Problem:
Without the pictures, can you quote each line below exactly?
**** Available data
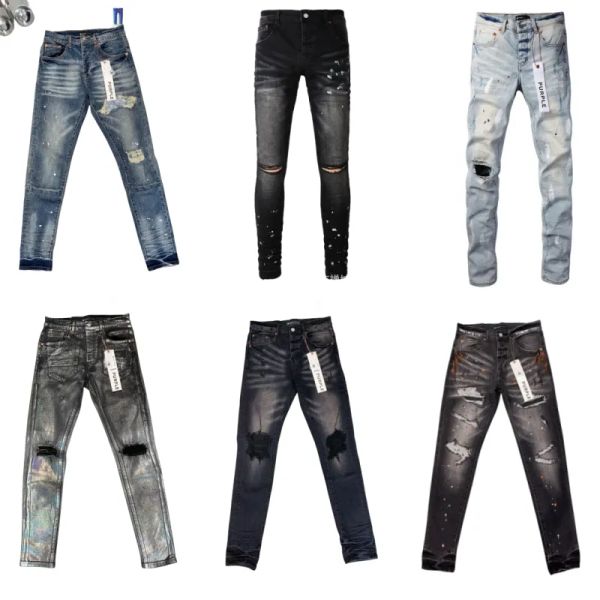 

Purple Designer Jeans Denim Trousers Black Pants High-end Quality Embroidery Quilting Ripped for Trend Brand Vintage Pant Mens Fold Slim Skinny Fashion 9, 47_color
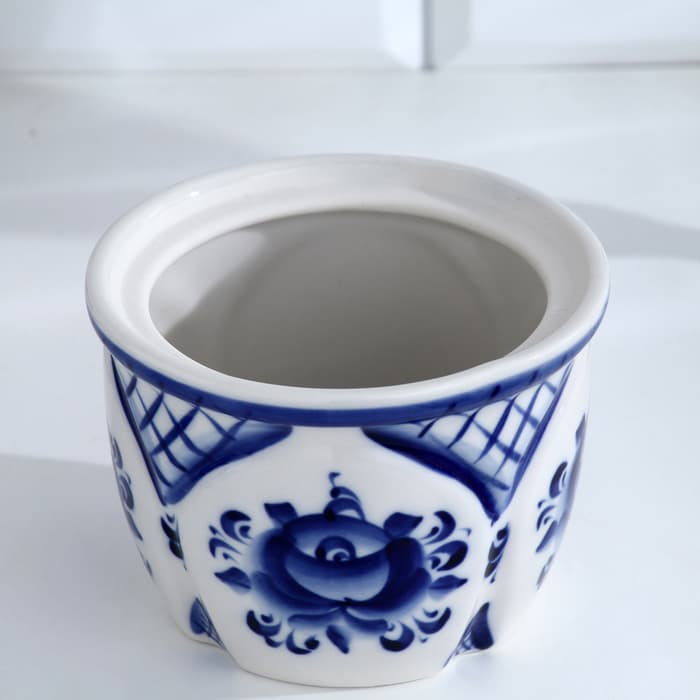 Солонка с крышкой «Тыква», 0.6 л, 11.5×12 см, фарфор гжель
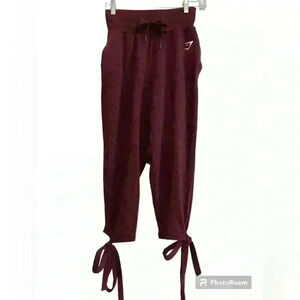 Gymshark Burgundy Tie-Cuff‎ Joggers. Women's Size Small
********
Task output:
Purple Designer Jeans Denim Trousers Black Pants High-end Quality Embroidery Quilting Ripped for Trend Brand Vintage Pant Mens Fold Slim Skinny Fashion 9, 47_color
 Солонка с крышкой «Тыква», 0.6 л, 11.5×12 см, фарфор гжель
 Gymshark Burgundy Tie-Cuff‎ Joggers. Women's Size Small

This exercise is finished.